::: EXCERPTED DATA

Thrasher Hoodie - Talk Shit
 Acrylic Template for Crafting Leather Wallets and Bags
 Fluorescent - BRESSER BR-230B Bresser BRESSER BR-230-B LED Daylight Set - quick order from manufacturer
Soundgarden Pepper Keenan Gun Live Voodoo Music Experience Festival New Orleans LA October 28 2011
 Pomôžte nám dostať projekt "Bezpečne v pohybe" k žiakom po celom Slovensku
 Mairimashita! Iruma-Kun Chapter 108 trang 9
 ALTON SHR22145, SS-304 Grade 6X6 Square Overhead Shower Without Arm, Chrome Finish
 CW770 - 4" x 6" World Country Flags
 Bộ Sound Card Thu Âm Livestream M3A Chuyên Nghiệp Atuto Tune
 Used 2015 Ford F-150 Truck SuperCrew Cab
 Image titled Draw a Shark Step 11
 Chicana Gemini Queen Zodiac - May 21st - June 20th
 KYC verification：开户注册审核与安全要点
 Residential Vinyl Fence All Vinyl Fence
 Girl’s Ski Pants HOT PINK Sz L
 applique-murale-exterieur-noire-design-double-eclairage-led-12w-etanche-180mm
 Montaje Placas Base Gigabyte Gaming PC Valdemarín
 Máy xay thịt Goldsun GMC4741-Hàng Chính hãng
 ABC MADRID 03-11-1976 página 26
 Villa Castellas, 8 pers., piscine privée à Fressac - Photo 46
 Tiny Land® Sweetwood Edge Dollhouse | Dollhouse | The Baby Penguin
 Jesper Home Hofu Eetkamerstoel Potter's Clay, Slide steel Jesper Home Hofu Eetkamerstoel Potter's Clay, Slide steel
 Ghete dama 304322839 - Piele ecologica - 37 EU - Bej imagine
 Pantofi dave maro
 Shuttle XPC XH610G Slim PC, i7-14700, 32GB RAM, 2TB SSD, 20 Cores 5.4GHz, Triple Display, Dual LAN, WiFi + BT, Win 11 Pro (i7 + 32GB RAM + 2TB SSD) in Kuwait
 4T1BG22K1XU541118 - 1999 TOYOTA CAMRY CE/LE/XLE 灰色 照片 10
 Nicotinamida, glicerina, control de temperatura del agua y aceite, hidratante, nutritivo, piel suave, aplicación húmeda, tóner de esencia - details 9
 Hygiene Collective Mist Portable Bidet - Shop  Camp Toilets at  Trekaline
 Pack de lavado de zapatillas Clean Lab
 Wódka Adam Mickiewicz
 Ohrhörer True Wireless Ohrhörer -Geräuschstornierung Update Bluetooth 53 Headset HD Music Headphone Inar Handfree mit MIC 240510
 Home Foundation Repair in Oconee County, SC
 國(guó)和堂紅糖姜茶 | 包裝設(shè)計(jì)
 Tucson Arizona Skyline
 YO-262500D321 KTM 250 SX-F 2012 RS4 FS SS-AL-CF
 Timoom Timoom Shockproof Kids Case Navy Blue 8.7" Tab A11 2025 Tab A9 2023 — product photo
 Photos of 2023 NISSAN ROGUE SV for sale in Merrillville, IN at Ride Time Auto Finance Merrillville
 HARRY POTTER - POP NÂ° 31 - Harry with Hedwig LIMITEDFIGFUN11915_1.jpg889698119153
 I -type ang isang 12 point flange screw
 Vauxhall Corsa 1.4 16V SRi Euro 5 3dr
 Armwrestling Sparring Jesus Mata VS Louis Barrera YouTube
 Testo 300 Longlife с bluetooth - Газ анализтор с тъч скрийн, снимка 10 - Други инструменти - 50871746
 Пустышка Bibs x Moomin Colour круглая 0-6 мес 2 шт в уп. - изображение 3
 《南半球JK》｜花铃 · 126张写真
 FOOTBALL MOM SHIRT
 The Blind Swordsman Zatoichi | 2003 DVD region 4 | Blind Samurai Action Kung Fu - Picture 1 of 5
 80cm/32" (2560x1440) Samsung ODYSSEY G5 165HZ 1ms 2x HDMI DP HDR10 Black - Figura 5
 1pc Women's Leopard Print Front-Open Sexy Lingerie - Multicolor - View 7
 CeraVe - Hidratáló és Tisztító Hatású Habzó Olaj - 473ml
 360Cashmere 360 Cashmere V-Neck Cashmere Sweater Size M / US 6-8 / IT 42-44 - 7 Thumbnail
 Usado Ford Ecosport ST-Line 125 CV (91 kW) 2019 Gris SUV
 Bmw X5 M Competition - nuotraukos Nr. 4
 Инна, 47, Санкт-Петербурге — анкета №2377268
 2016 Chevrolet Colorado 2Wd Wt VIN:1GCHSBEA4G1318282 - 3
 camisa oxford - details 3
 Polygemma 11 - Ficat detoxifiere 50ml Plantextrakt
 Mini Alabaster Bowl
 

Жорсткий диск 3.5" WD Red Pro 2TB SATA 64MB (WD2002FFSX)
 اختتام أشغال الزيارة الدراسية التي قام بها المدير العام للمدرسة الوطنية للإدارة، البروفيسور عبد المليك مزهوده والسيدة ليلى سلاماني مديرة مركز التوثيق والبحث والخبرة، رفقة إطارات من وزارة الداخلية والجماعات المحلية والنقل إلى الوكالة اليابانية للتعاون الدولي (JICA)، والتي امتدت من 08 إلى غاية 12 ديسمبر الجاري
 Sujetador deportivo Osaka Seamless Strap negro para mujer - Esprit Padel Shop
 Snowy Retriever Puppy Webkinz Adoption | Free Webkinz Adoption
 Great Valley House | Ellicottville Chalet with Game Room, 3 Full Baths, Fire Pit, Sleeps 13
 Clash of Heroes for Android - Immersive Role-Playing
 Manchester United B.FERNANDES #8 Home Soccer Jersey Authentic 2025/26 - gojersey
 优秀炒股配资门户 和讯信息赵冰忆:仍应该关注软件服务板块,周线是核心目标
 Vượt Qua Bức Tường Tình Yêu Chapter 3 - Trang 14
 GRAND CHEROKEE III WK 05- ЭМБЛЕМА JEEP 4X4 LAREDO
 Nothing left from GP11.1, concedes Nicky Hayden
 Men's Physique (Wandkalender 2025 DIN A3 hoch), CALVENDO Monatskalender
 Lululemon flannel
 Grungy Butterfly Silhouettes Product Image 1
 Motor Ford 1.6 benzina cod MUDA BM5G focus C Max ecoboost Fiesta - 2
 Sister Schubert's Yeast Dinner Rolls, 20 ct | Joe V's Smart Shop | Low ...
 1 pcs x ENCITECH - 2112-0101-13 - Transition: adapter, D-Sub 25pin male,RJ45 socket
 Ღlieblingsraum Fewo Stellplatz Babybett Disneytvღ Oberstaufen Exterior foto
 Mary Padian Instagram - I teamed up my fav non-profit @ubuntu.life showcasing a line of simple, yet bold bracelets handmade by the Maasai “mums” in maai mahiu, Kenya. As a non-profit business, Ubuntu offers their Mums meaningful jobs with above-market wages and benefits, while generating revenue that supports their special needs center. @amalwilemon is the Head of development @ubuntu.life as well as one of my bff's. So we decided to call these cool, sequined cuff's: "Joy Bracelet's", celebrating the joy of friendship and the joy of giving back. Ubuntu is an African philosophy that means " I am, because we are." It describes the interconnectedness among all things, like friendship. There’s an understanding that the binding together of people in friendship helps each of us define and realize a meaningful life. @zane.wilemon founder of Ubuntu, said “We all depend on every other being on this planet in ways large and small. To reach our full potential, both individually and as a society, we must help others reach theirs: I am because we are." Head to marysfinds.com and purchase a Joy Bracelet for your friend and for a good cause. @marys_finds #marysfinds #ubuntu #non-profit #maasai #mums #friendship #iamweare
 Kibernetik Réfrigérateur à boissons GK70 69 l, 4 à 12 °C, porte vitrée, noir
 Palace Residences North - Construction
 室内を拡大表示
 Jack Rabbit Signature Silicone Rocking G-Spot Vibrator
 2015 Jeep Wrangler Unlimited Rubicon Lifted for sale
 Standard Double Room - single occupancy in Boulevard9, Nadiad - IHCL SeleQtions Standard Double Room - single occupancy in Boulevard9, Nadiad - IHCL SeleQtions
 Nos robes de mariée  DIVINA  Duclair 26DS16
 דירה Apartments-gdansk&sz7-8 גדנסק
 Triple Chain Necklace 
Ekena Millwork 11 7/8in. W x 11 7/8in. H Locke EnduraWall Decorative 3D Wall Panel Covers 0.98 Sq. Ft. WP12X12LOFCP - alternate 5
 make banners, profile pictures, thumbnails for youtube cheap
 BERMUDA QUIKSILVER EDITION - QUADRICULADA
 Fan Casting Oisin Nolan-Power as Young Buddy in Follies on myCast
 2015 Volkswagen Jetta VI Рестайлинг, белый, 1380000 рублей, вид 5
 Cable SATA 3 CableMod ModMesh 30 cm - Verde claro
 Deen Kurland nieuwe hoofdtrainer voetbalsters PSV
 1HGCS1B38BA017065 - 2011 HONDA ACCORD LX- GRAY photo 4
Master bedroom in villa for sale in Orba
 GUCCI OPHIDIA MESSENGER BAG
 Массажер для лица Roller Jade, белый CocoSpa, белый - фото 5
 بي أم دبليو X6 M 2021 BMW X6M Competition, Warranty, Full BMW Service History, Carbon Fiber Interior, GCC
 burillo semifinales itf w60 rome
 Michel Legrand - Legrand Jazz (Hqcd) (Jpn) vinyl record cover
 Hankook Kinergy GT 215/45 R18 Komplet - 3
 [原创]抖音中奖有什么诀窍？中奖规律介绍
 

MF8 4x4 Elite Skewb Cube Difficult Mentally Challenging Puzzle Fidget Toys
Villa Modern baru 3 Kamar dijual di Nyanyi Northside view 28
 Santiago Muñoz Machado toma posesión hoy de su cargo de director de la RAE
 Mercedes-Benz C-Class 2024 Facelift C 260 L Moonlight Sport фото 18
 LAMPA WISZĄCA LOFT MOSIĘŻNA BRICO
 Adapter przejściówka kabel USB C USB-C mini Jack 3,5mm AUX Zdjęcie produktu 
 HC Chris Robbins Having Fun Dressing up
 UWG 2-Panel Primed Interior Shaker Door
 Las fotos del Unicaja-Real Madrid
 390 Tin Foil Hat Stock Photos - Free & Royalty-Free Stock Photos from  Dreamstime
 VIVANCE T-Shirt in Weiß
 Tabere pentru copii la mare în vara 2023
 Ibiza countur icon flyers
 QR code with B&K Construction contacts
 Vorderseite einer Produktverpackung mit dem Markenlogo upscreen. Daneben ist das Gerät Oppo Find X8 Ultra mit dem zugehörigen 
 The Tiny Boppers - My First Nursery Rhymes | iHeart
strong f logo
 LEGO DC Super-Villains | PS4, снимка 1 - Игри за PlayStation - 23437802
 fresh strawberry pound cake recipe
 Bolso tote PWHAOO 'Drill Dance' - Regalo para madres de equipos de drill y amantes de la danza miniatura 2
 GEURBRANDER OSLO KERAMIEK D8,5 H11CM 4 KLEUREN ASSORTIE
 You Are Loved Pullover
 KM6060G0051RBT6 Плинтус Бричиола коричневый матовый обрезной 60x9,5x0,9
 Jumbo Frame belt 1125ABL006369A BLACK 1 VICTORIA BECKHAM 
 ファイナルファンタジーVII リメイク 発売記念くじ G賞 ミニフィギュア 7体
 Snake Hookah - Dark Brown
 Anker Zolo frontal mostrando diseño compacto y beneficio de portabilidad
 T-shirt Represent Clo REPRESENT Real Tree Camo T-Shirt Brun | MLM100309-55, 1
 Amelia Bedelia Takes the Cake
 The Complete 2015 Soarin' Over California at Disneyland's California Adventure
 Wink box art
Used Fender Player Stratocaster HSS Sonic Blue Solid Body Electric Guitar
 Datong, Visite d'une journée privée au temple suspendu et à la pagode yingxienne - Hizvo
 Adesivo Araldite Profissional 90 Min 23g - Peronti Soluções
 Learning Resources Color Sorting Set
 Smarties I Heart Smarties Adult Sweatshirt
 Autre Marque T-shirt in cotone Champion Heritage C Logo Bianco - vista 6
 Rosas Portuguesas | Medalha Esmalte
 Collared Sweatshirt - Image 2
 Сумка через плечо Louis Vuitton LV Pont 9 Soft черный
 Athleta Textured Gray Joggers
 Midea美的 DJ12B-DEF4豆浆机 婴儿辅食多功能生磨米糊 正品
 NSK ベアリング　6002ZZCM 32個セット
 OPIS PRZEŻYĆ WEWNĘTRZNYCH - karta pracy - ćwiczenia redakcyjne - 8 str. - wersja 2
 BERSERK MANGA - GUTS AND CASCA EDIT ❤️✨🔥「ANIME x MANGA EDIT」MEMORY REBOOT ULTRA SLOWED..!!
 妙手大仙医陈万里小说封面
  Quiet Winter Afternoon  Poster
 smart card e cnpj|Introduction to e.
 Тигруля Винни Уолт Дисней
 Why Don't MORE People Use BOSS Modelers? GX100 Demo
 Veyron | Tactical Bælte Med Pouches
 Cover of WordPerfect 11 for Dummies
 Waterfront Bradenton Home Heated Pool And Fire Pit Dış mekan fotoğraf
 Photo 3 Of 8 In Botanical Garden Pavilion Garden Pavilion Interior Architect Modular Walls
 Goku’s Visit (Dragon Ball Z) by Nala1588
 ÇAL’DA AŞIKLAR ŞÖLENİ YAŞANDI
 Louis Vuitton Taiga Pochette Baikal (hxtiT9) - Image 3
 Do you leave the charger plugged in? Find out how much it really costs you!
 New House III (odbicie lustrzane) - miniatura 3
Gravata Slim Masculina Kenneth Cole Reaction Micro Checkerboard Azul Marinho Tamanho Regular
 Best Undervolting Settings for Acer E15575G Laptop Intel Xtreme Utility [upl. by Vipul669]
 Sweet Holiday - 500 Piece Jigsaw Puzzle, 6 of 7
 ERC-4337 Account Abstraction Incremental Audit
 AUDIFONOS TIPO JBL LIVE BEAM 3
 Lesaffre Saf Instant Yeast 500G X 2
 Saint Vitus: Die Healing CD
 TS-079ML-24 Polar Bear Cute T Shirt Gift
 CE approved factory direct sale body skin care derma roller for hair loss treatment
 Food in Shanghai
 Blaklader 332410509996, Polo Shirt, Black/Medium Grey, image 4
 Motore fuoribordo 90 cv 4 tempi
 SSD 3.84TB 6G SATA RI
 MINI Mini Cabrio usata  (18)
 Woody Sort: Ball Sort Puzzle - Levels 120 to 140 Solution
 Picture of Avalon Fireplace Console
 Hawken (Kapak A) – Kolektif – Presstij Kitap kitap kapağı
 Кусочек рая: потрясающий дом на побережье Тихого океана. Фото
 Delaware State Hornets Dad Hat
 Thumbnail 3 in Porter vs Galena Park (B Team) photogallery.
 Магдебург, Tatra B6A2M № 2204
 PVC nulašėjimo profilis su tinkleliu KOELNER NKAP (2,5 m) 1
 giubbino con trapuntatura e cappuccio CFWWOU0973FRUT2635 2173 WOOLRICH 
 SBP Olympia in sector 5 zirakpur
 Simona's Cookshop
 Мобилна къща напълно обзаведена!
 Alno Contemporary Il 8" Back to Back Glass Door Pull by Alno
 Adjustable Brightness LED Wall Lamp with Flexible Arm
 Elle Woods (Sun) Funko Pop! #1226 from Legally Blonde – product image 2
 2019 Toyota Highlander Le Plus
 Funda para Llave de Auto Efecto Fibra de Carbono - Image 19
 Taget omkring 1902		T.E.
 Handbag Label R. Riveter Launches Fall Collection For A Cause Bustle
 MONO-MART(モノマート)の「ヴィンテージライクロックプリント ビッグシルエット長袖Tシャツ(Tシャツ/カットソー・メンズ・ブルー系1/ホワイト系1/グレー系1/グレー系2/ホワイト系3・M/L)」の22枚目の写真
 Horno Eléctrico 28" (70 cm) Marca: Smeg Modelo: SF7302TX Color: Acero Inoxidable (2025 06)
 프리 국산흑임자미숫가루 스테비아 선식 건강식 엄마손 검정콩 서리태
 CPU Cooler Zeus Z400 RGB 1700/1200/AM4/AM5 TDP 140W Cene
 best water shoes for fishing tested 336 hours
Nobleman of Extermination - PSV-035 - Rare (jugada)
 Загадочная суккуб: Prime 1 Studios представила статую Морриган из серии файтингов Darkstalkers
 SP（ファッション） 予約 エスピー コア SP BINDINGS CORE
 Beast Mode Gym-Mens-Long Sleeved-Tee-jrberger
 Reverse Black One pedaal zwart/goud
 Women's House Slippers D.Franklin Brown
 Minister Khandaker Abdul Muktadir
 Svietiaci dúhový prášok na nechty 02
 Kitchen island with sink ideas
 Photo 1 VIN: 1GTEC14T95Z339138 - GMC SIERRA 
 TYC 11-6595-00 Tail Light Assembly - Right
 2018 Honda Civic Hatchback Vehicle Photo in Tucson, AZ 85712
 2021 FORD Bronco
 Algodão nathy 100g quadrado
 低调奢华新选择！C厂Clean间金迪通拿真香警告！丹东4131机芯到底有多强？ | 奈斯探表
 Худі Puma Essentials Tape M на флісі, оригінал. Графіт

::::::

TASK TO CARRY OUT — Using the entries above, repeat only the lines from the one containing "Anker Zolo frontal" through the one containing "Cover of WordPerfect 11 for Dummies", end lines included.

WRITTEN SOLUTION —
 Anker Zolo frontal mostrando diseño compacto y beneficio de portabilidad
 T-shirt Represent Clo REPRESENT Real Tree Camo T-Shirt Brun | MLM100309-55, 1
 Amelia Bedelia Takes the Cake
 The Complete 2015 Soarin' Over California at Disneyland's California Adventure
 Wink box art
Used Fender Player Stratocaster HSS Sonic Blue Solid Body Electric Guitar
 Datong, Visite d'une journée privée au temple suspendu et à la pagode yingxienne - Hizvo
 Adesivo Araldite Profissional 90 Min 23g - Peronti Soluções
 Learning Resources Color Sorting Set
 Smarties I Heart Smarties Adult Sweatshirt
 Autre Marque T-shirt in cotone Champion Heritage C Logo Bianco - vista 6
 Rosas Portuguesas | Medalha Esmalte
 Collared Sweatshirt - Image 2
 Сумка через плечо Louis Vuitton LV Pont 9 Soft черный
 Athleta Textured Gray Joggers
 Midea美的 DJ12B-DEF4豆浆机 婴儿辅食多功能生磨米糊 正品
 NSK ベアリング　6002ZZCM 32個セット
 OPIS PRZEŻYĆ WEWNĘTRZNYCH - karta pracy - ćwiczenia redakcyjne - 8 str. - wersja 2
 BERSERK MANGA - GUTS AND CASCA EDIT ❤️✨🔥「ANIME x MANGA EDIT」MEMORY REBOOT ULTRA SLOWED..!!
 妙手大仙医陈万里小说封面
  Quiet Winter Afternoon  Poster
 smart card e cnpj|Introduction to e.
 Тигруля Винни Уолт Дисней
 Why Don't MORE People Use BOSS Modelers? GX100 Demo
 Veyron | Tactical Bælte Med Pouches
 Cover of WordPerfect 11 for Dummies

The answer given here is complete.